Combates prosseguem apesar da trégua no Sudão, com situação humanitária no limite
Bombardeios, tiros e explosões voltaram a sacudir o Sudão nesta segunda-feira (1), apesar da nova trégua, anunciada pelo exército e por paramilitares, deixando a situação humanitária do país africano à beira do colapso, alertou a ONU.
"Aviões de combates sobrevoam" a capital, Cartum, com cinco milhões de habitantes, e em vários bairros são ouvidos explosões e tiros, disseram testemunhas à AFP.
Milhões de sudaneses permanecem entrincheirados em suas casas desde que teve início, em 15 de abril, uma guerra pelo poder entre o exército do general Abdel Fatah al Burhan e os paramilitares das Forças de Apoio Rápido (FAR), lideradas pelo general Mohamed Hamdan Daglo.
"A escala e a rapidez com que os eventos se desenvolvem no Sudão (são) sem precedentes", alertou no domingo a ONU, que enviou seu encarregado de assuntos humanitários, Martin Griffiths, à região.
"Estou a caminho (...) para estudar como podemos dar ajuda imediata" aos moradores, declarou Griffiths, que assegurou que "a situação humanitária está chegando ao limite".
O saque maciço a escritórios e armazéns humanitários "esgotou a maior parte de nossos estoques", acrescentou. "Buscamos meios rápidos para entregar e distribuir" suprimentos adicionais, explicou o alto funcionário da ONU em um comunicado.
Neste contexto, o Programa Mundial de Alimentos levantou "imediatamente" a suspensão de suas atividades, que tinha sido determinada após a morte de três funcionários.
Horas antes do vencimento, à meia-noite de domingo (19h de Brasília), de um cessar-fogo de três dias, Burhan e Daglo acordaram prorrogar uma trégua, alcançada com a mediação dos Estados Unidos e da Arábia Saudita.
Mas, desde o começo do conflito, foram anunciadas várias tréguas, que foram violadas imediatamente depois. Segundo os especialistas, estas tréguas garantem a manutenção de corredores seguros para a evacuação de estrangeiros e a continuidade das negociações, que são realizadas no exterior.
Até agora, os dois generais se recusam a participar de negociações diretas.

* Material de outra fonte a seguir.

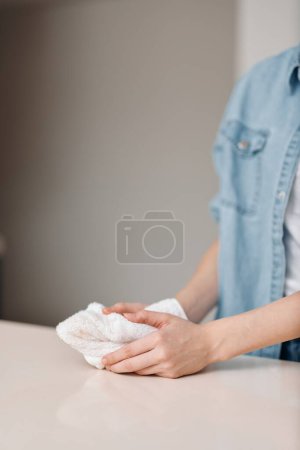 Foto de Limpio y cuidado: Una mujer limpiando las superficies del hogar con una botella de trapo y aerosol - Imagen libre de derechos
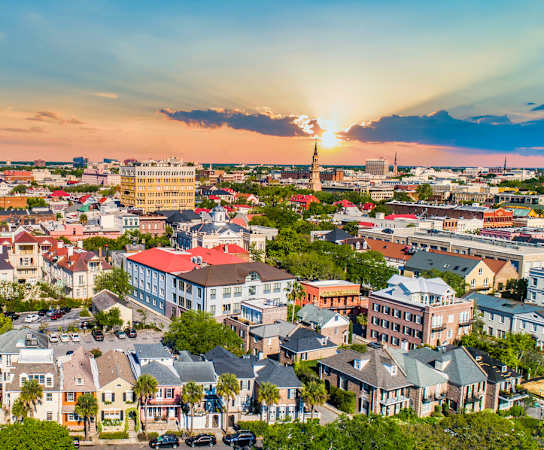 a cityscape with a sunset in the background at Wharf 7 Apartments, South Carolina, 29492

- Milhares de deslocados -
Até agora, os combates deixaram 528 mortos e 4.599 feridos, segundo números oficiais, considerados muito abaixo do balanço real.
Um primeiro avião com oito toneladas de ajuda conseguiu pousar no domingo em Porto Sudão, 850 km ao leste de Cartum, segundo o Comitê Internacional da Cruz Vermelha.

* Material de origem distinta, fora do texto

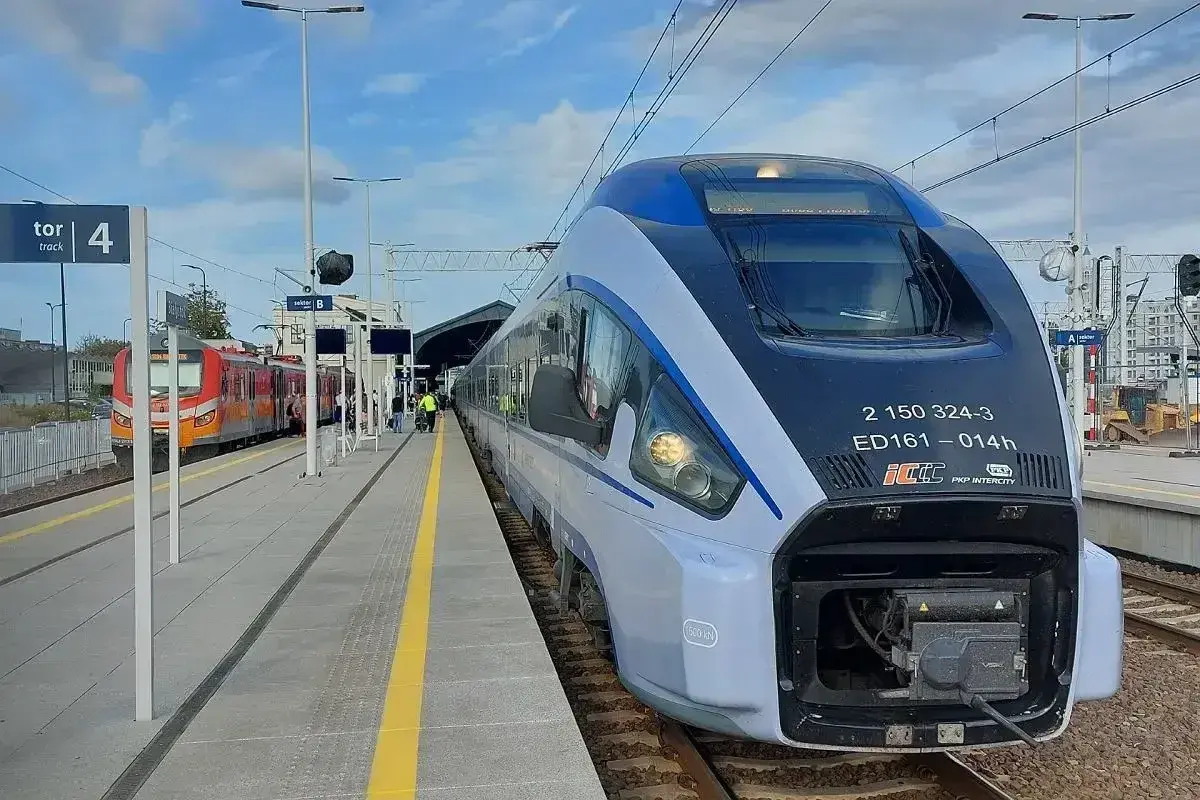 Nowoczesny pociąg Pendolino ED161 "Chrobry" na stacji. Obok stoi czerwony pociąg regionalny.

A ONG Médicos sem Fronteiras (MSF) suspendeu "a quase totalidade de suas atividades" devido à violência.
Segundo a ONU, 75.000 pessoas tiveram que fugir para outras regiões do país e outras milhares para países vizinhos, como o Chade e o Sudão do Sul.
No total, até 270.000 pessoas poderiam ter que fugir dos combates neste país de 45 milhões de habitantes, de acordo com estimativas da ONU.

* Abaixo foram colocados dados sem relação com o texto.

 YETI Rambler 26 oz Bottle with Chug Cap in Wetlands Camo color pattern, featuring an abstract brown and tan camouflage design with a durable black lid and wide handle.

- Situação "insustentável" -
Os habitantes que não conseguiram fugir, tentam sobreviver em meio à falta de comida, água e eletricidade.
As autoridades do estado de Cartum deram permissão para os funcionários públicos da cidade não irem ao trabalho "até nova ordem" e a polícia se mobiliza para impedir novos saques.
A maioria dos hospitais do país está fora de serviço e naqueles que estão abertos, "a situação é insustentável" porque não há material, segundo Majzub Saad Ibrahim, um médico em Ad Damir, ao norte de Cartum.
A Liga Árabe se reúne nesta segunda, no Egito, para "discutir sobre o Sudão".
Os Emirados Árabes Unidos, aliados do general Daglo, segundo os especialistas, anunciaram ter feito contato com o chefe do exército. O ministro saudita das Relações Exteriores recebeu no domingo um emissário do general Burhan.
Além disso, a Arábia Saudita pediu uma reunião na quarta-feira da Organização de Cooperação Islâmica.
Para especialistas do Carnegie Middle East Center, Daglo tenta ganhar tempo: "quanto mais tempo puder manter suas posições em Cartum, maior será seu peso na mesa de negociações".
Segundo a ONU, cerca de cem pessoas morreram em Darfur do Oeste, uma região que ainda está muito marcada pela guerra civil da década de 2000.
O secretário-geral da ONU, António Guterres, alertou para uma situação "terrível", com "tribos que, agora, tentam se armar".